ETA: I’ve learned from reading the responses that the Windows troubleshooters primarily look for missing or broken drivers, and sometimes fix things just by restarting a service, so they’re useful if you have troublesome hardware.
Yeah, on Win98 (or maybe Win2k), it would always find this obscure sound card driver for this crappy sound card in this Packard Bell I had. Amazing.
But not once ever for any other issue before or since.
The troubleshooter was legitimately good in Win2k.
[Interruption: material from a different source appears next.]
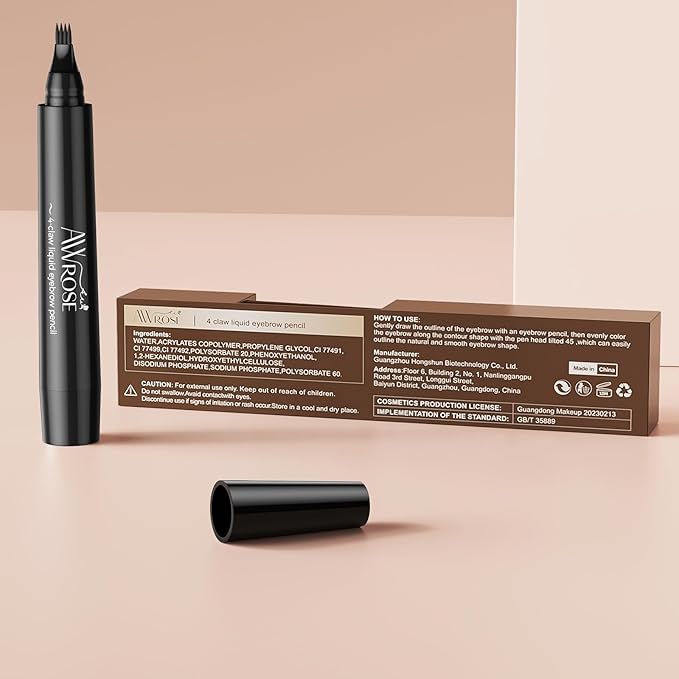 AWROSE Eyebrow Pencil, 3D Waterproof Microblading Eyebrow Pen 4 Fork Tip Tattoo Pencil, Precise Natural Brow Magic Eyebrow Pencil with Hair Like Strokes, 4 Points Multi-Used Eye Brow Pencils for Women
And has sucked since they unified kernels.
strangely Network Troubleshooter always helped me when I was out of ideas why the network just… stopped working
tho never said the problem, things just got fixed in the meantime while it analyzed n shit and then it reported no issues :P
That one usually is successful by disabling your network adapter, then re-enabling it. Basically…
Have you tried turning it off then back again?
yeah, but if the troubleshooter does that it’s somehow works, if I do each step manually what the troubleshooter does, it never works.
there’s some black magic involved…
like the way how unresponding apps suddenly come back to life if I open Task Manager…
Only Windows can unfuck that which it fucked up on its own.
I believe the troubleshooter also does a WINSock reset as well. I’m not sure, though. I know it definitely disables/enables the adapter.
https://www.howtogeek.com/785351/how-and-why-to-perform-a-netsh-winsock-reset-on-windows/
Yes it has.
I used to have a sound issue and the repair wizard would always fix it. It would happen again, I think after the next reboot.
I feel like I’ve seen a unicorn!
I’ve only ever had it fix a sound issue, as well. Bad driver?
This was nearly 20 years ago, i really do not recall what the issue was, order of if I ever fixed it. I may have replaced the card or something.
Sounds a bit like the repair tool broke the sound everytime itself you shut down to polish its image
Possible! I have also used it when I disabled my network and it was quicker to run the repair tool than it was too try and remember what exactly i had done to disable it.
Never. I’ve been using since Windows 3.11
Windows 95
Windows 98
Windows xp
Vista
Windows 8
Windows 10
Not once has it solved a problem
There was a troubleshooter in 3.11?
No. That was meant as a statement of I’ve been using windows for that long and since the beginning of Windows (and when ever they introduced the trouble shooter) it’s never worked
Then use it more, because it does work.
~Sinisterly, someone who has been using Windows as long as you but also has used Windows ME, Windows 2000, Windows 7 and Windows 11.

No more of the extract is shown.